A backend is not good because it is elegant, recently written, or covered in tests. A backend is good when the next important change can happen with less guessing, less hidden coupling, and better evidence than the change before it. Everything below is a value in service of that one measure.

Each section is written in the same shape: the value, what it means in practice, the failure it prevents, and the place in our own running system where it can be checked. None of the anchors are aspirational. They are surfaces, files, or admin pages that exist today — including the ones where the value is partially leaking, because pretending otherwise would defeat the point.

Quality of change is the centre.

The job is not to make the system clever. The job is to make the next valuable change cheaper, safer, and better-grounded than the change before it. That framing governs every other choice on this page — what counts as evidence, which boundaries matter, which gates are worth building, which tests are worth keeping.

What it means. A healthy backend raises the floor for whoever touches it next, not just the person writing the current commit. Each change either reduces hidden coupling, narrows blast radius, exposes a previously invisible assumption, or adds a check the system will keep running on its own. A change that does none of those may still be useful, but it has not improved the system's ability to change.
What it prevents. Backend work drifting into a craft contest — elegant refactors with no downstream consequence, micro-optimisations on cold paths, the kind of activity that looks like progress but leaves the next change exactly as expensive as it was.
Where it shows up. The System Report ranks findings by their effect on the next valuable change, not by technical ugliness. A messy file with no business consequence ranks below a clean-looking flow that quietly blocks the work the team actually needs to ship next.

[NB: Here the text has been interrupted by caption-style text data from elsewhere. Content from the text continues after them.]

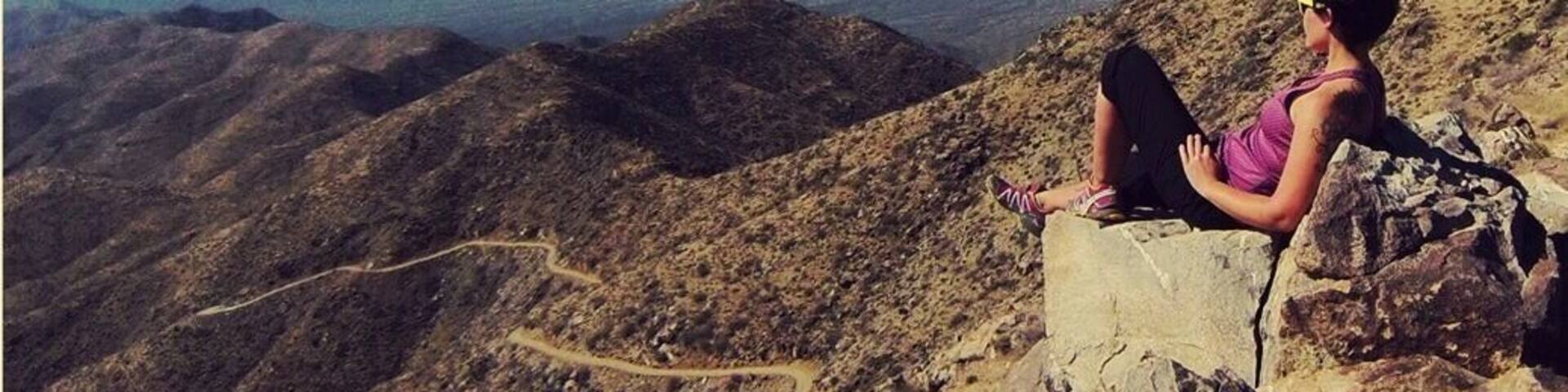 We trekked the long some 10 mile trail up to the top of Harquahala Peak and found this view at the top. The way is lined with wise old cactus and some great views of the valley below! From where I'm sitting here I could see nearly the entire Kofa Natl Wildlife Refuge, or so I thought!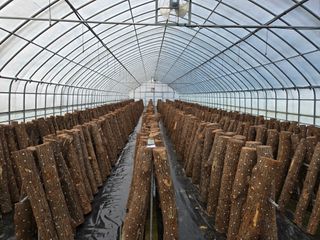 인더숲 님의 자유주제 · 자유게시판 작성글 사진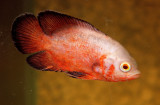 ASTRONOTUS  OCELLATUS - OSCAR ...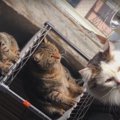 特に意味はないけれど…暇つぶしに利用された猫ちゃん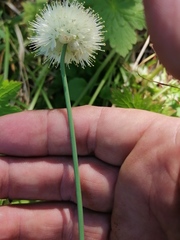 Allium flavidum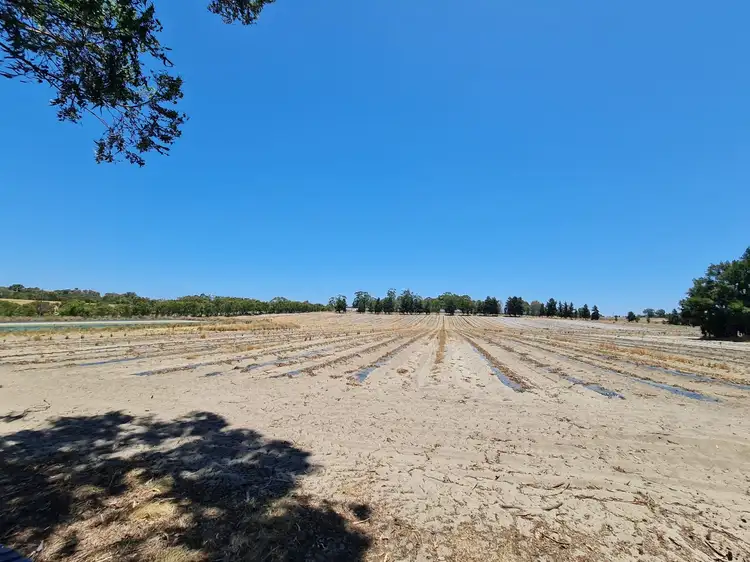 Main view of Homely rural property listing, 132 Dooling Road, Neergabby WA 6503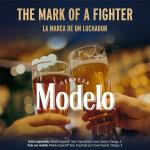 Modelo Especial Mexican Lager Import Beer, 12 pack 12 fl. oz. Bottles, 4.4% ABV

Evidence beats confidence.

A build log, a deploy message, a green test suite, an AI answer, a README, an internal doctrine file — each of those is a signal. None of them is the truth. The discipline is to hold signals and ground-truth at different weights, and to widen the search when they disagree.

What it means. Memory routes you to where to look. Code, database state, deployed binaries, and production behaviour answer whether the thing you remember is still true. For any non-trivial claim — “does X exist?”, “is Y still wired up?”, “where is Z owned?” — the cost of grepping is small and the cost of being confidently wrong is large.
What it prevents. Confident inference against a map that no longer matches the system. The shape of failure: the doc, the memory, and the build log all say the change shipped; the running binary says it did not.
Where it shows up. A live example is documented in full on orientation, not oracle — a deploy that read complete across three repositories while serving yesterday's SDK from disk. The page shows the file-timestamp comparison that broke the tie.

Inspectability beats opacity.

A backend should emit enough evidence about itself that a human can answer “what is running, what just failed, and does the map still match the terrain?” without reading code. Inspectability is not logging volume. It is the property that the questions that matter have surfaces.

What it means. Each subsystem identifies itself by its real name. Startup emits a heartbeat. Failures land somewhere that a reviewer can scan in a few seconds, not a folder that no one opens. Names are full, not short — stock-observation-engine, not engine — because short names hide drift.
What it prevents. The class of failure where a subsystem stops working and nobody notices for a week because nothing alerted, nothing surfaced, and the dashboard kept rendering cached numbers. Opaque systems fail silently because that is the only direction available to them.
Where it shows up. The CompanyGraph admin has a Logs page that aggregates startup heartbeats from every subsystem — twelve services, each in a stable colour, deduplicated to one row per service. A reviewer scans the page; a missing colour is a missing subsystem. The page is pictured on orientation, not oracle; the wider set of surfaces — batch health, exceptions, vendor usage, and a live test board — is walked through on built to show its pulse.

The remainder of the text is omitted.